Call them the Democratic National Committee chairwoman’s anti-party favors.
Inside each bag are water bottles and tchotchkes adorned with Mitt Romney’s face, the word “Wrong” and related nay-saying. Outside this just-say-boo enclave on Tampa Street is parked a moving billboard with the same message: “Romney Economics — Wrong for the Middle Class.”
Wasserman Schultz is a lot of things — one of President Barack Obama’s brassiest mouthpieces, proud Jewish mom and wife — but subtle is not one of them. Of course, that’s a bonus when your main job this week is to rabble-rouse. She’s a party pooper, and proud of it.

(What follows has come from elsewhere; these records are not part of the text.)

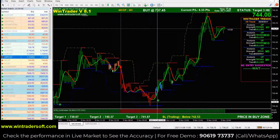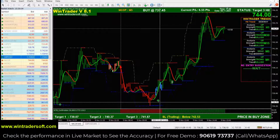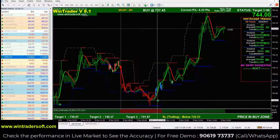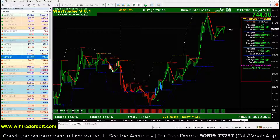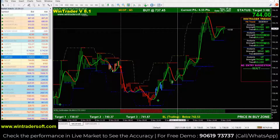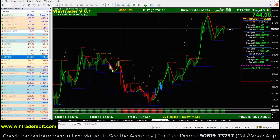Once the arrow signal appears, the first confirmation is to check the dashboard below: the price should be in the buy zone. That is the first confirmation — price in buy zone. The second confirmation: below the arrow you can see a bar. That is our confirmation bar.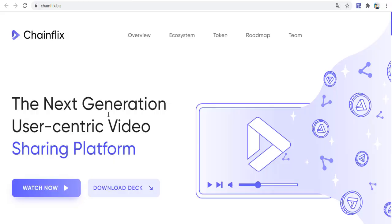Hello, dear viewers. Today I will explain the ChainFix project in English. What does the project do? What are its advantages for us? I will talk about such issues. Blockchain projects have penetrated our lives very quickly, and this is one of them. I will talk about the project's open ecosystem, roadmap, and others. ChainFix — the next generation user-centric video sharing platform.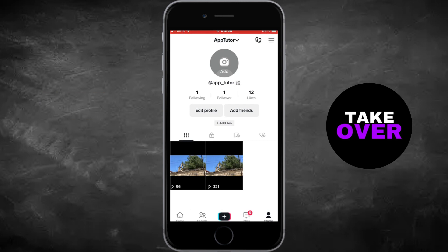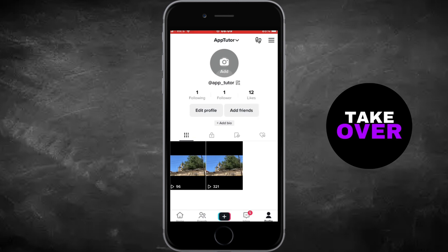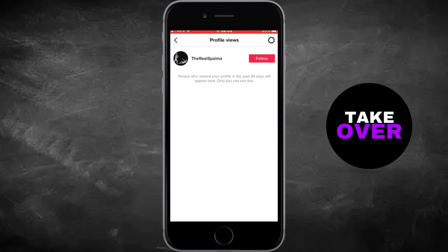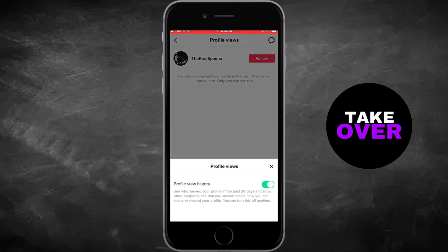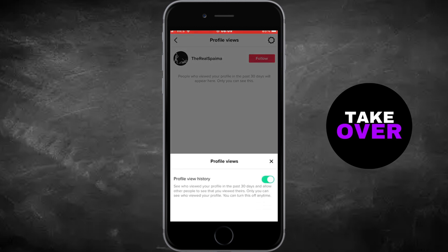To do this, click on the eye or V icon to access the profile view option, then tap on the gear icon and turn off this feature. With this feature disabled, you can now view someone's TikTok profile anonymously.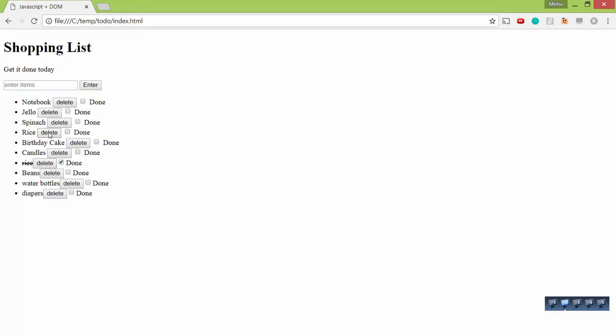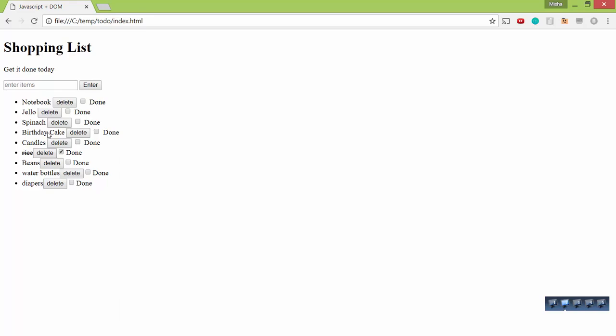Oh wait, oh look at that, we already got the rice so we don't need rice again. So what we can do is we can delete this. And let's say you can delete any item even if it's done.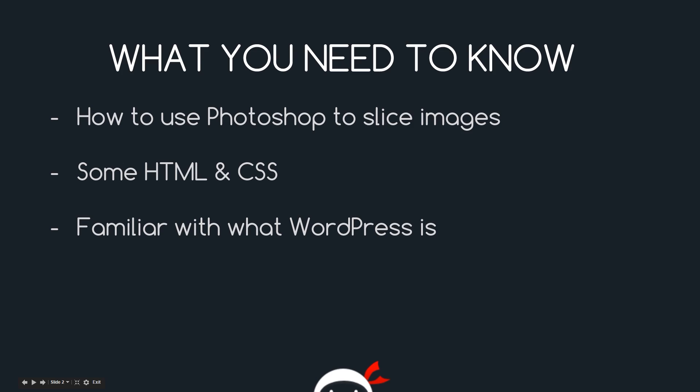Okay then gang, so just before we get started, I want to go through a few things that you probably want to brush up your skills on before we do start. The first one is Photoshop and in particular how to slice up images. We don't need to design anything in Photoshop or do anything too advanced. All we're going to do is go into a ready-made PSD template and slice up some images so that we can use them in our theme. That's all we need to do.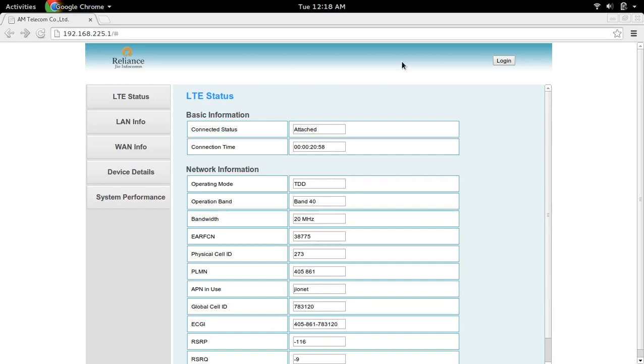First, connect your laptop to the Jio MiFi device. Then go to the address 192.168.225.1.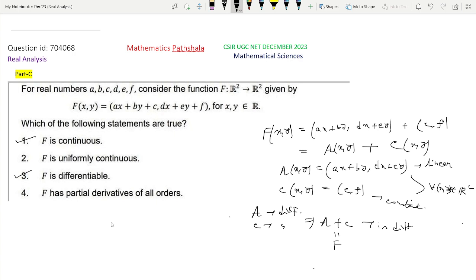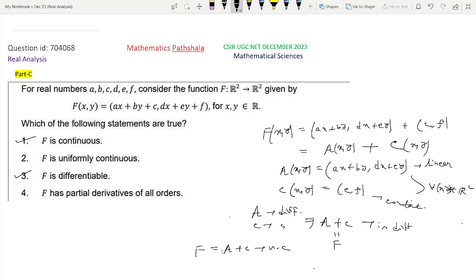Now, clearly A is linear, so it is uniformly continuous, and C is a constant function, which is definitely uniformly continuous. So A plus C is uniformly continuous, and that means capital F is uniformly continuous. So option 2 is also a correct option.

You could even call her the best-dressed protester in town.
Looking tan and typically go-go-go, with her “emphasized curls” (her words) photo-op-ready, the 45-year-old U.S. representative for Florida’s 20th Congressional District showed off the war room to fans, friends and supporters at a shindig Saturday.

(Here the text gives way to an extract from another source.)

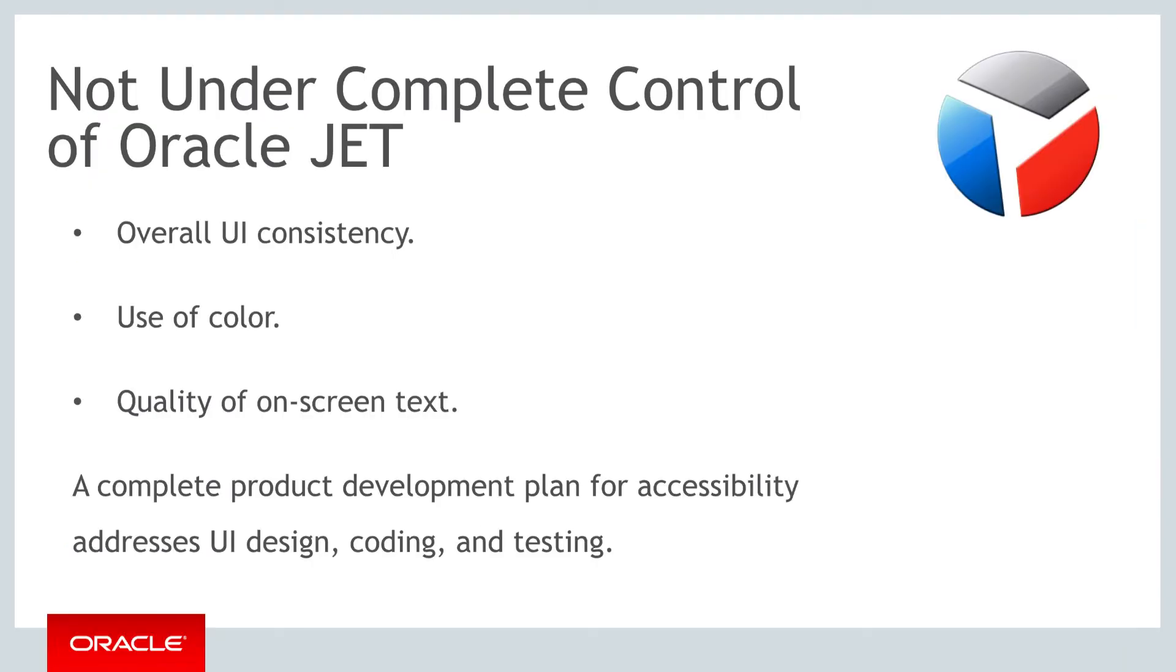Content generated by JET is designed to conform to the WCAG 2.0 AA standards. However, many standards are not under the complete control of JET, such as overall UI consistency, the use of color, the quality of on-screen text and instructions, and so on. A complete product development plan that addresses accessibility should include proper UI design,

When asked what will be more fun — being a beacon of hope at the Democratic National Convention in Charlotte, N.C., starting Sept. 4 or being a giant fly in the ointment in Tampa — Wasserman Schultz said this about being here during the RNC: “There’s a lot at stake in this election. We can’t afford to take a step back.”

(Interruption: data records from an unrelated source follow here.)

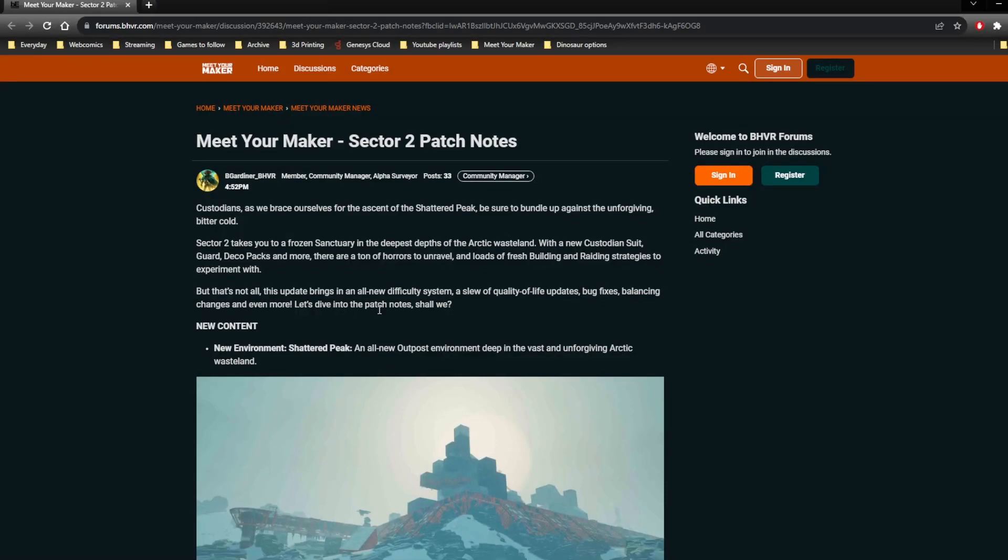Hello AllSysS here, we're just going to go over the Sector 2 patch notes because it released today and we have patch notes, so let's go through them.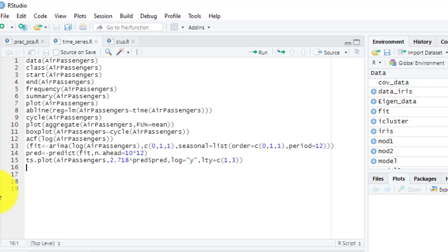We are talking about prediction and forecasting. One such method which deals with time-based data is time series models. As the name says, it involves working on time, based on data so that we derive hidden insights to make informed decisions.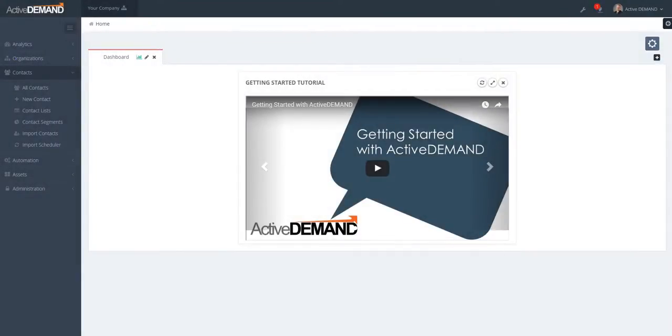This video is going to cover the basics of contact segments in ActiveDemand. Those of you that have been using ActiveDemand for a long time know about contact lists, which are essentially audiences in ActiveDemand.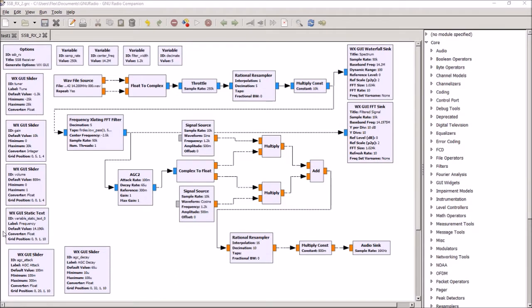We've been running a series called Hello World. We started with an FM receiver, then an AM receiver.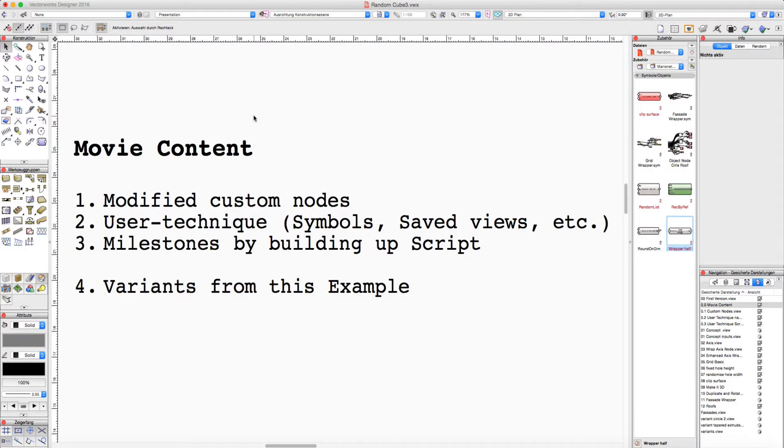Hi, in this movie we take a look at how to build up the script for this random cube example.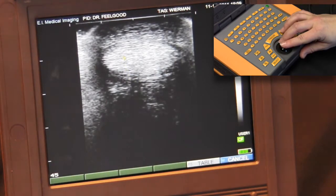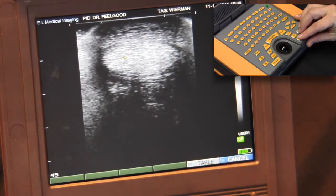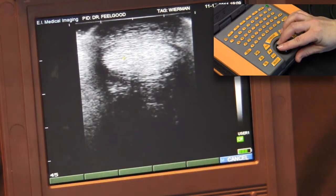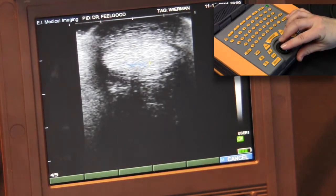Begin your tracing by pressing the select key and use the trackball to outline the defect or structure. When the ends meet, the area calculation will appear.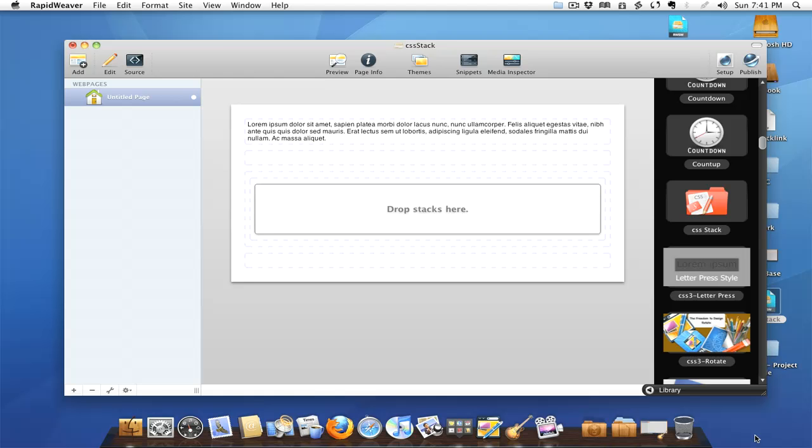Today I want to go back into Stacks and show you a stack that I don't think gets a whole lot of publicity. It did in the very beginning, and there may be some of you who aren't aware of this stack or how powerful and useful it can be.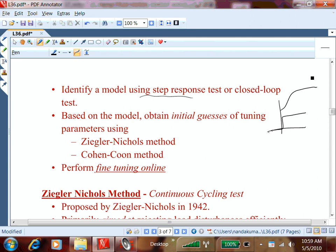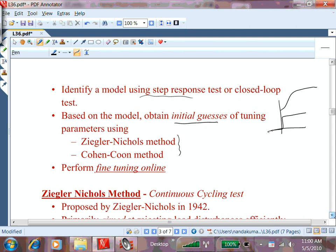The second step, based on the model, is to obtain an initial guess for the tuning parameters Kc, tau_i, and tau_d. There are empirical methods for this. Once you do that, you set the controller to those numbers and see how the system performs. Then you can do fine tuning — changing the numbers by a small amount. That's the overall process of controller tuning.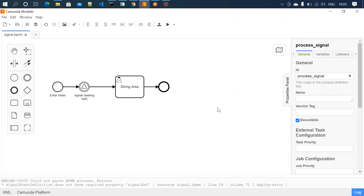The main thing to understand is that the signal is like a broadcast — it will be sent to all the tasks available in that particular signal event. For example, if you have 10 tasks waiting, once the signal is received, all 10 will be cleared. It is not applicable for only some particular tasks; it applies to all tasks available in that event. Thanks for watching and please subscribe and support our channel.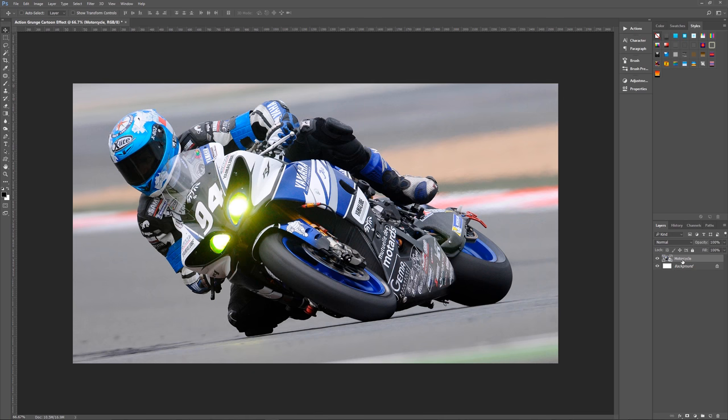The first thing that we need to do after your photo is imported and is a smart object, is we want to rename this so that we know what it is. We want to rename this as original. So this is now our original image.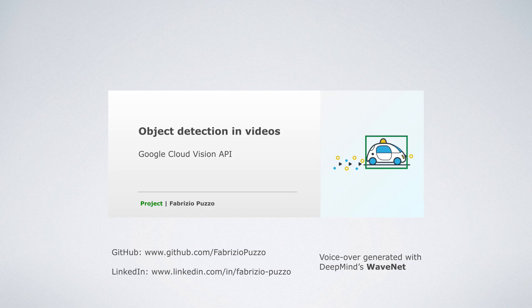By the way, I generated the voiceover for this video using DeepMind's Deep Neural Network WaveNet. For more information, visit my other GitHub repository. Link also in the description below. Thank you for watching.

When asked that same question again, her polite smile broke into a wide one: “I love every bit of it. … It’s going to be crazy, but I wouldn’t have it any other way.”
Wasserman Schultz’s “counter-conventioning” will be shortened by the threat of Tropical Storm Isaac; a Sunday news conference was scratched so she could fly home to Broward County. But she’ll be back in Tampa Bay on Wednesday — and look out.
War room guest and former U.S. Rep. Jim Davis, one of Tampa’s own, said of his host: “What’s the winning formula in politics these days? Being yourself. She just shows up and she’s herself. I don’t know what it is about her, but she always goes full-throttle.”
Wasserman Schultz followed that with a dig at Romney “reinventing himself” on the RNC’s big stage: “They might as well put the biggest Etch a Sketch behind that podium.”
There was no one to fight back. No one to rebut. Not in here. No one dwelled on Wasserman Schultz’s Thursday spat with CNN’s Anderson Cooper, who took her to task for misquoting the Los Angeles Times in a DNC fundraising email. No one nudged her about her possible dreams of becoming the next governor of Florida.
Instead, in the calm before the storm (and the storm), people ate fancy-looking pizza. And laughed. And, for the most part, small-talked. For Wasserman Schultz it was a time to mingle. After all, she said, “I don’t think I’ll get invited to too many parties this week.”